Openings

A Landmark Debut

The Smithsonian’s Museum of African American History brings a stunning addition to Washington, D.C.

Photo: Reema Desai

The exterior of the museum on the National Mall.

A museum, by definition, is where people look at objects. But at the Smithsonian’s new National Museum of African American History and Culture, you’ll sometimes need to look twice.

One of the most striking pieces featured in the museum’s central exhibit, Slavery and Freedom, is a scrubby pinewood cabin that the Smithsonian broke down and carried as a bundle of boards from the Point of Pines Plantation on South Carolina’s Edisto Island to Washington, D.C. Museum visitors first confront the reassembled 1853 structure after they’ve passed by a cotton gin, as a place where enslaved African Americans lived.

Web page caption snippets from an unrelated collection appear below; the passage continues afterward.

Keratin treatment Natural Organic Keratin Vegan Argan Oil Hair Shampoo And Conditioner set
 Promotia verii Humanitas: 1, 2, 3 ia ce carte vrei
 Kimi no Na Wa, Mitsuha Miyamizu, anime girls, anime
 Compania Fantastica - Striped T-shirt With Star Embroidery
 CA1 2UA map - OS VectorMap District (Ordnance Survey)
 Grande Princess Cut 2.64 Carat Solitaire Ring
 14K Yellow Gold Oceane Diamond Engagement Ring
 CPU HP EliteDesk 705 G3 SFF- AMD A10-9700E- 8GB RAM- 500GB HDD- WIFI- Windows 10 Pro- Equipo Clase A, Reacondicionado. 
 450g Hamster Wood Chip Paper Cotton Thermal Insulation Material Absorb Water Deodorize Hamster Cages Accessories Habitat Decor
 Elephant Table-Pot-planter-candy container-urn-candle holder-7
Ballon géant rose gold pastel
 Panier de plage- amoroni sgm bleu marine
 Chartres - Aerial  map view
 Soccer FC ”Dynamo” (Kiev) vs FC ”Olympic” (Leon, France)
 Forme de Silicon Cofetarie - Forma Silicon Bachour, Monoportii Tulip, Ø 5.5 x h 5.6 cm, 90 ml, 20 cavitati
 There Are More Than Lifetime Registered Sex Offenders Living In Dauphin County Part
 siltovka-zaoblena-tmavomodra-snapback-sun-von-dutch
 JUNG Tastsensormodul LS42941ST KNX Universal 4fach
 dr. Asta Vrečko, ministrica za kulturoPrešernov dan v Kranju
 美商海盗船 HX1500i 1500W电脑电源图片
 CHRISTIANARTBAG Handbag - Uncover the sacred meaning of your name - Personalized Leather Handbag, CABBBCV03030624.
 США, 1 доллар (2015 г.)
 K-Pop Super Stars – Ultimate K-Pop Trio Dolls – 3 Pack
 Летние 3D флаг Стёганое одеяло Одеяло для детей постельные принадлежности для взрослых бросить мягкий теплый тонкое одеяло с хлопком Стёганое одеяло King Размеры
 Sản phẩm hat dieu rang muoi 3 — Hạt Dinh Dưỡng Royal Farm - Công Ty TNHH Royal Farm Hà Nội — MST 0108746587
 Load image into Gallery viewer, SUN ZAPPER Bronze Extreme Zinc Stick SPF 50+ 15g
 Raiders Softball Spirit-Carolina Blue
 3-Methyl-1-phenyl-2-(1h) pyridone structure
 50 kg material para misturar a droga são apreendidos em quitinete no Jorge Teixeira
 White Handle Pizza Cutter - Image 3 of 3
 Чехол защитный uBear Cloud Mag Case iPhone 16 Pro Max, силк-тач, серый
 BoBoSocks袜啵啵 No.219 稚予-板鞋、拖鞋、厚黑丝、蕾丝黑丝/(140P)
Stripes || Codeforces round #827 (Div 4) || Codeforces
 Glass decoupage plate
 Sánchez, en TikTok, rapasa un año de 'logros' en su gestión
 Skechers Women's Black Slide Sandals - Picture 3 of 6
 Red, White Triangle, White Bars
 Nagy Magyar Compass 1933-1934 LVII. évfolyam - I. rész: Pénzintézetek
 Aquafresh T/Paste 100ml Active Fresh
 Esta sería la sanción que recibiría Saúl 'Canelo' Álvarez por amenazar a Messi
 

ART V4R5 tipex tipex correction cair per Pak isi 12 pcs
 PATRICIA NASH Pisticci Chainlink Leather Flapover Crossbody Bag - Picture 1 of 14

A dress sewn by Rosa Parks

Photo: National Museum of African American History and Culture

A dress sewn by Rosa Parks

Later in the exhibit, visitors again encounter the cabin but from a different vantage point. This time, it’s within the context of freedom. Black South Carolinians inhabited it until the 1980s, and the museum has dutifully preserved the improvements they made to the building after Emancipation, including layering wallpaper over its uninsulated walls and adding another door. “With enslavement, cabins were never fully safe,” says Nancy Bercaw, one of the curators. “There was no back door, meaning people had to enter and leave in the same direction. This was about surveillance and sexual assault. So the first thing people did after slavery was build a back door.”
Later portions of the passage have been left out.